▶ Task to complete
What you write must match, character for character, the lines from the one with "Gaestehaus Maxheim بيت ضيافة" down to the one with "1/2 Lakeside Drive, Point Cook VIC 3030" in the listing below, minus its pictures.

▶ Extracted data
+++++
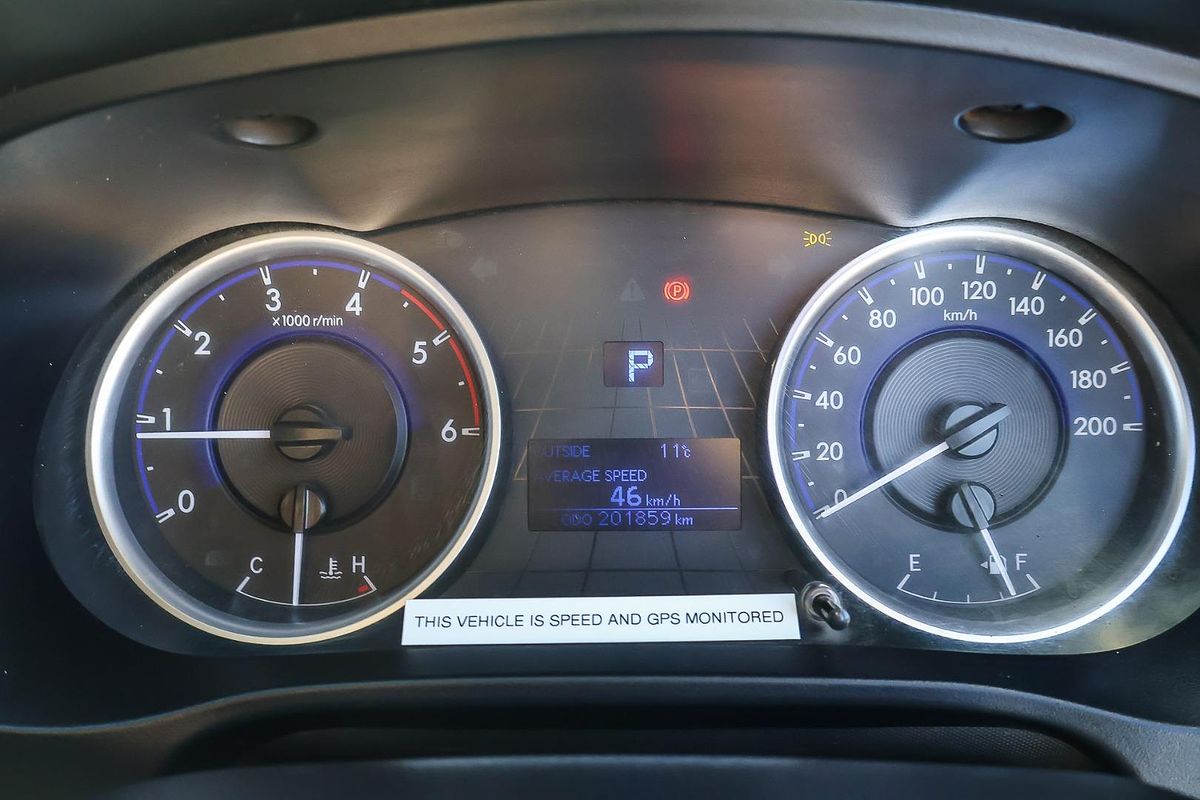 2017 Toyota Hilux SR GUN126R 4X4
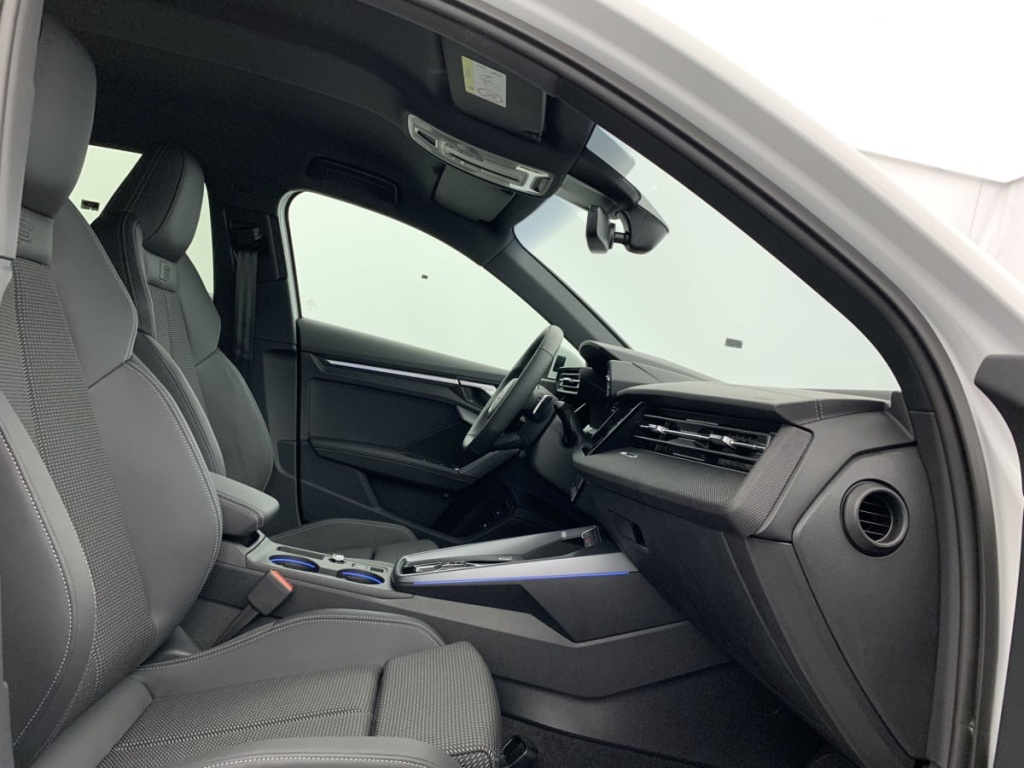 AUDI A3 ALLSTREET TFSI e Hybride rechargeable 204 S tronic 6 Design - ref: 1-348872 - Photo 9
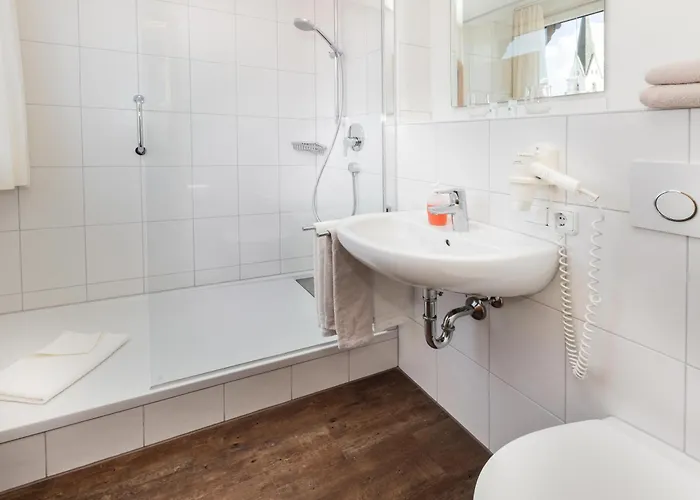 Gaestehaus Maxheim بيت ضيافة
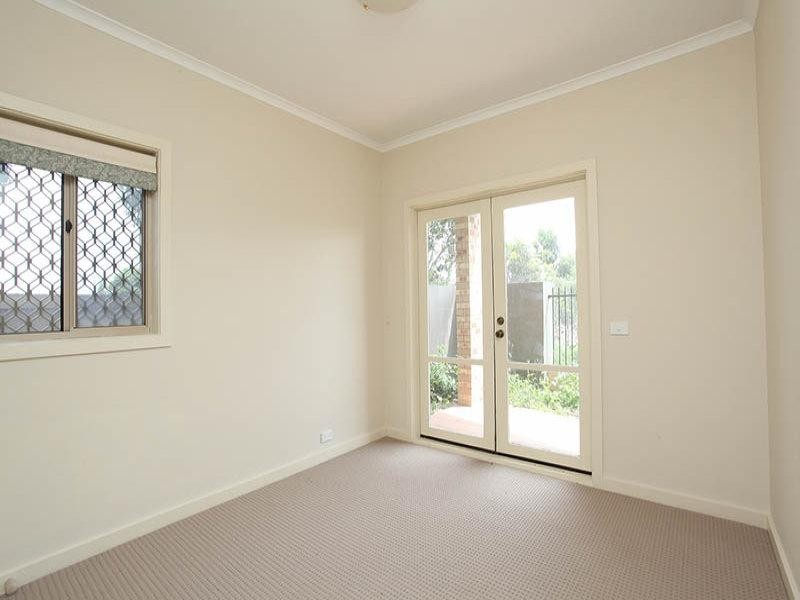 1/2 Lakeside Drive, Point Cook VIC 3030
+++++
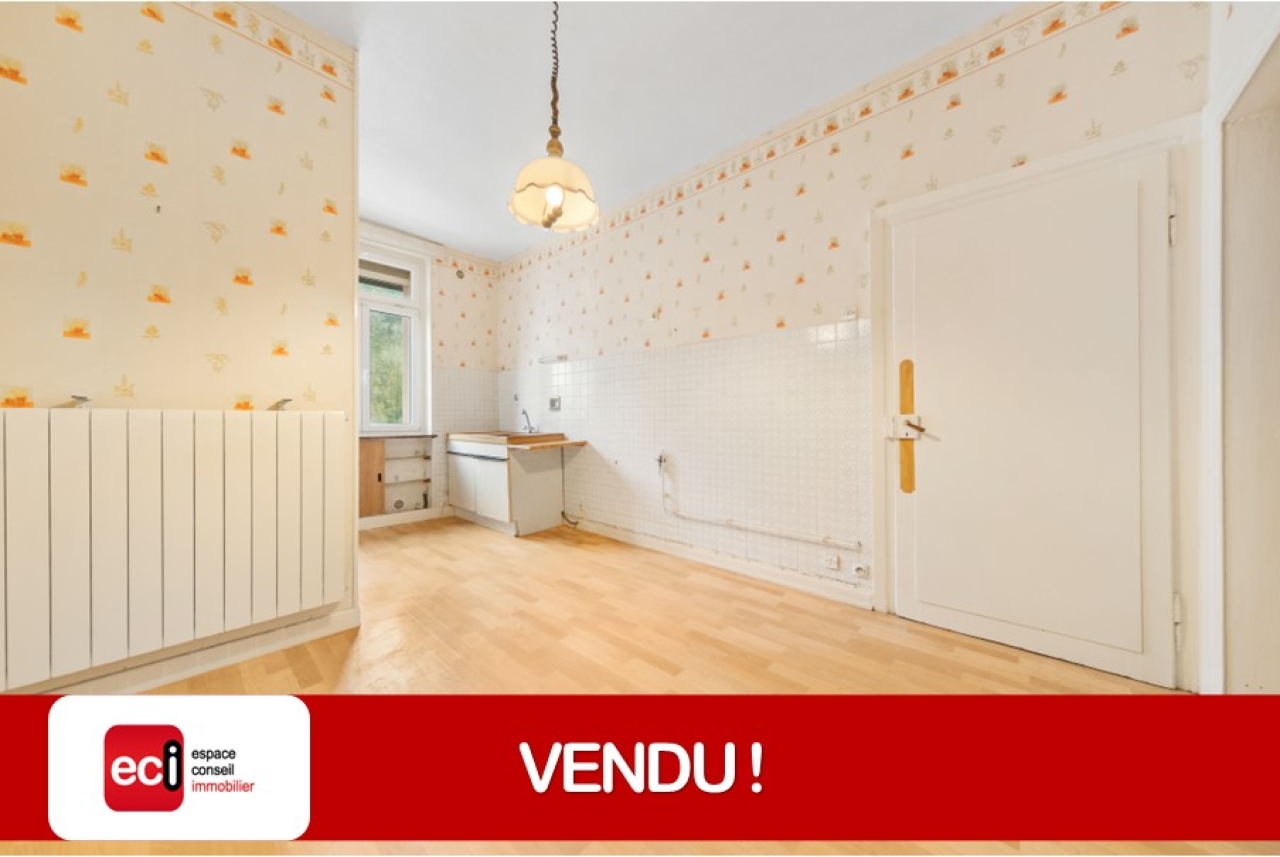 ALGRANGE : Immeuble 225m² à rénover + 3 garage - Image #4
+++++
▶ Solution for this task
 Gaestehaus Maxheim بيت ضيافة
 1/2 Lakeside Drive, Point Cook VIC 3030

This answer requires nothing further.